BEGIN Material supplied

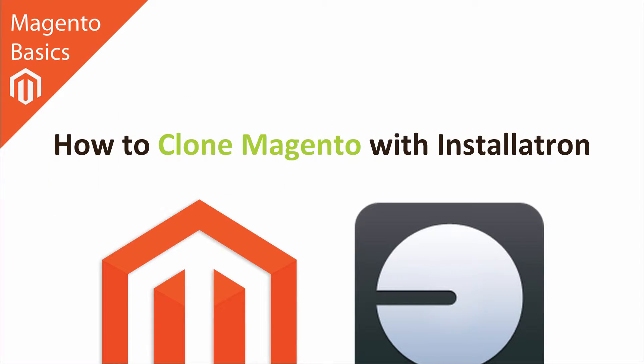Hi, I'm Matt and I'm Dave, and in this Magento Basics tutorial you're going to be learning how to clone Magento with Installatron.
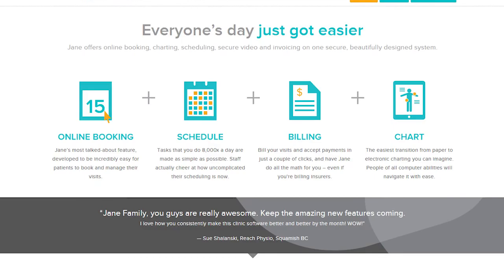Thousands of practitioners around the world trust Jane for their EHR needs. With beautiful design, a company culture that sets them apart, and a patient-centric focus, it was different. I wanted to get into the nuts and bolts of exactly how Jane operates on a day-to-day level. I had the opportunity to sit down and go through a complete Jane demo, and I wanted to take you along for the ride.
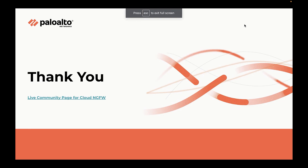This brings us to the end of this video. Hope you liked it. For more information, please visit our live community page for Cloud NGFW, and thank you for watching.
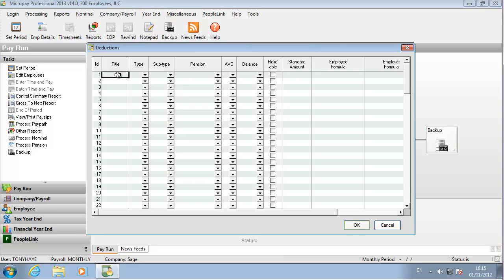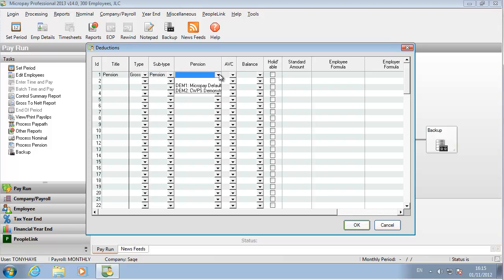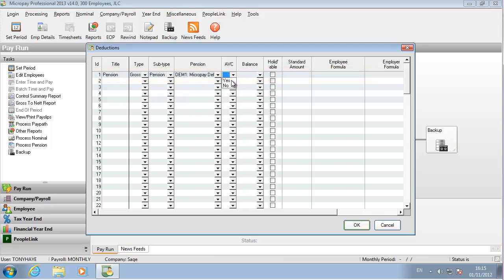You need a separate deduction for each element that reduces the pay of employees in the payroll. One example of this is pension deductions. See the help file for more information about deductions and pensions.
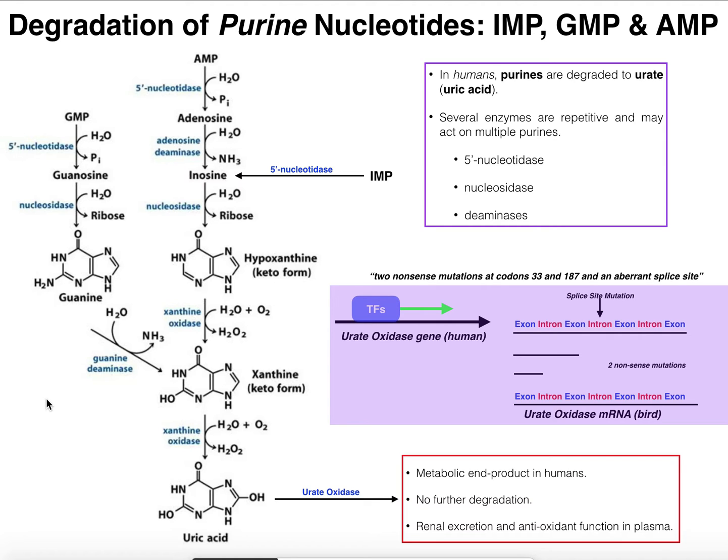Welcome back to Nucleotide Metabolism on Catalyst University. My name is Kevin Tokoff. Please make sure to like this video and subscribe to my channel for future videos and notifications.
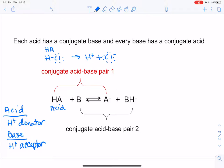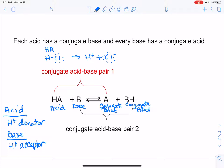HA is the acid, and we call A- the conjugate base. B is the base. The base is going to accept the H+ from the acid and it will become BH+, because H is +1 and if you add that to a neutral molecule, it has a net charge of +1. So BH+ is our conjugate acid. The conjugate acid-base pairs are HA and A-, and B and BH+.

END Material supplied

Work to complete:
Please write out, exactly, every line from the line with "Thousands of practitioners" through the final line of the data above, leaving out pictures.

Answer to the problem:
Thousands of practitioners around the world trust Jane for their EHR needs. With beautiful design, a company culture that sets them apart, and a patient-centric focus, it was different. I wanted to get into the nuts and bolts of exactly how Jane operates on a day-to-day level. I had the opportunity to sit down and go through a complete Jane demo, and I wanted to take you along for the ride.
This brings us to the end of this video. Hope you liked it. For more information, please visit our live community page for Cloud NGFW, and thank you for watching.
You need a separate deduction for each element that reduces the pay of employees in the payroll. One example of this is pension deductions. See the help file for more information about deductions and pensions.
Welcome back to Nucleotide Metabolism on Catalyst University. My name is Kevin Tokoff. Please make sure to like this video and subscribe to my channel for future videos and notifications.
HA is the acid, and we call A- the conjugate base. B is the base. The base is going to accept the H+ from the acid and it will become BH+, because H is +1 and if you add that to a neutral molecule, it has a net charge of +1. So BH+ is our conjugate acid. The conjugate acid-base pairs are HA and A-, and B and BH+.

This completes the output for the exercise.